Dataset extract START
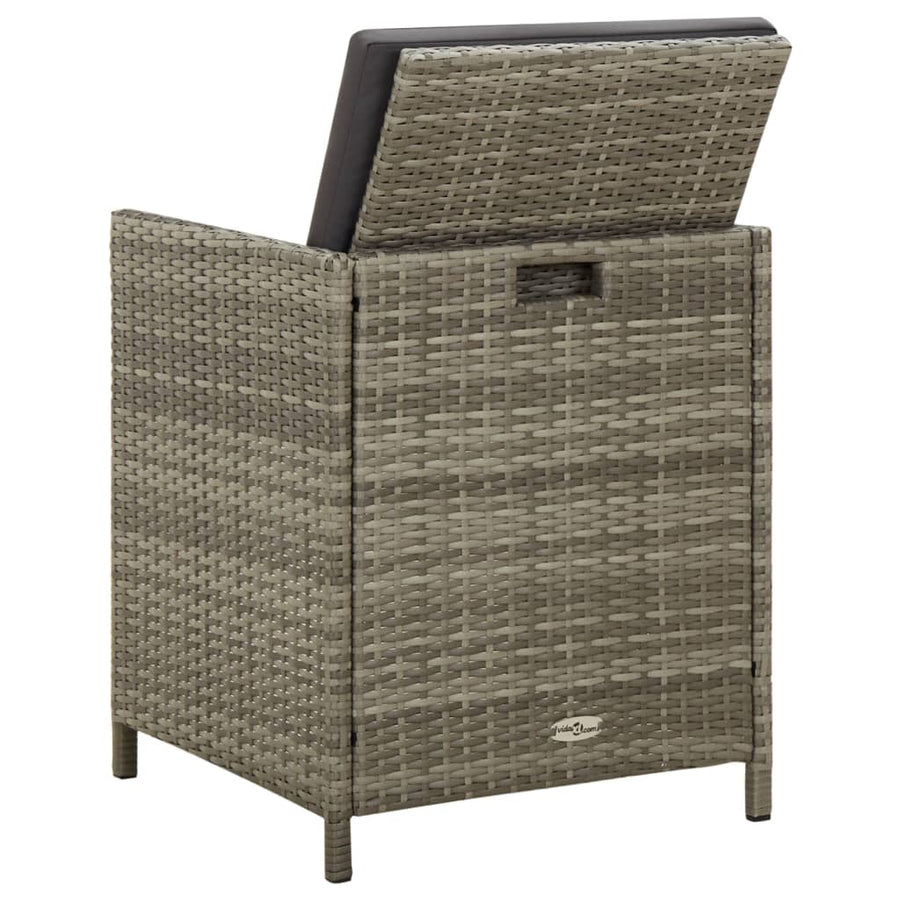 Tuinstoelen Met Kussens Poly Rattan Grijs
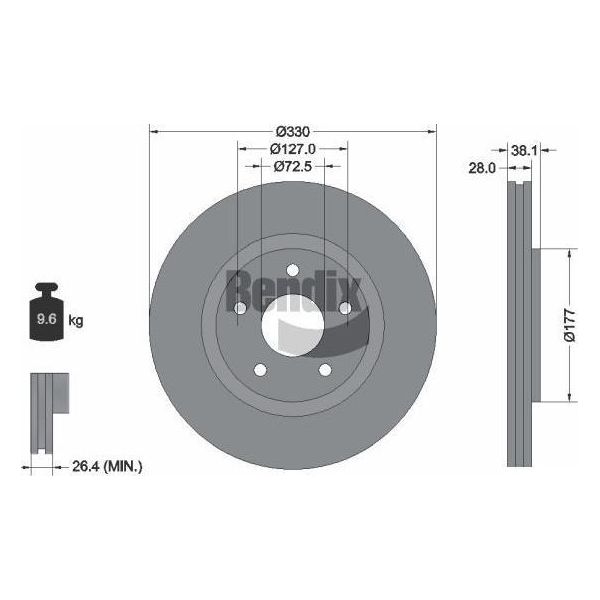 Bendix Braking BDS1701 Disco Freno Oe 04779712AA Compatibile Con Voyager, Freemont, Routan-image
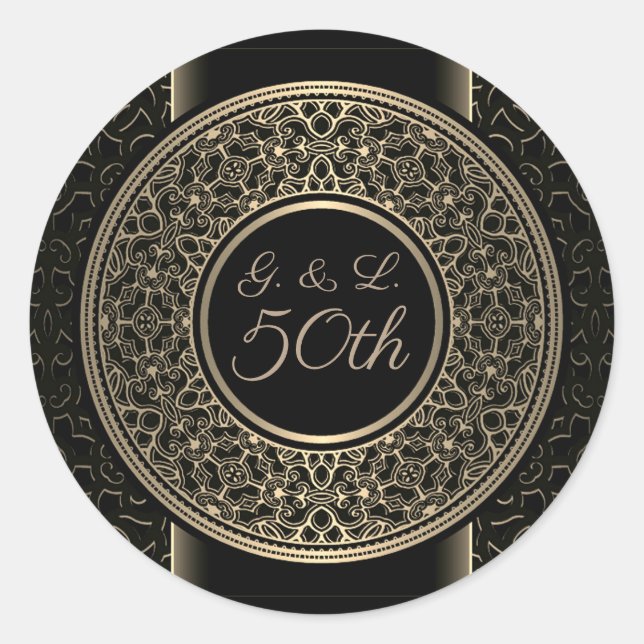 50th Anniversary Gold Medallion Monogrammed Classic Round Sticker (Front)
Dataset extract END
> [What you have to do]: Write the data above out exactly. Leave out any pictures.

> [Answer]:
 Tuinstoelen Met Kussens Poly Rattan Grijs
 Bendix Braking BDS1701 Disco Freno Oe 04779712AA Compatibile Con Voyager, Freemont, Routan-image
 50th Anniversary Gold Medallion Monogrammed Classic Round Sticker (Front)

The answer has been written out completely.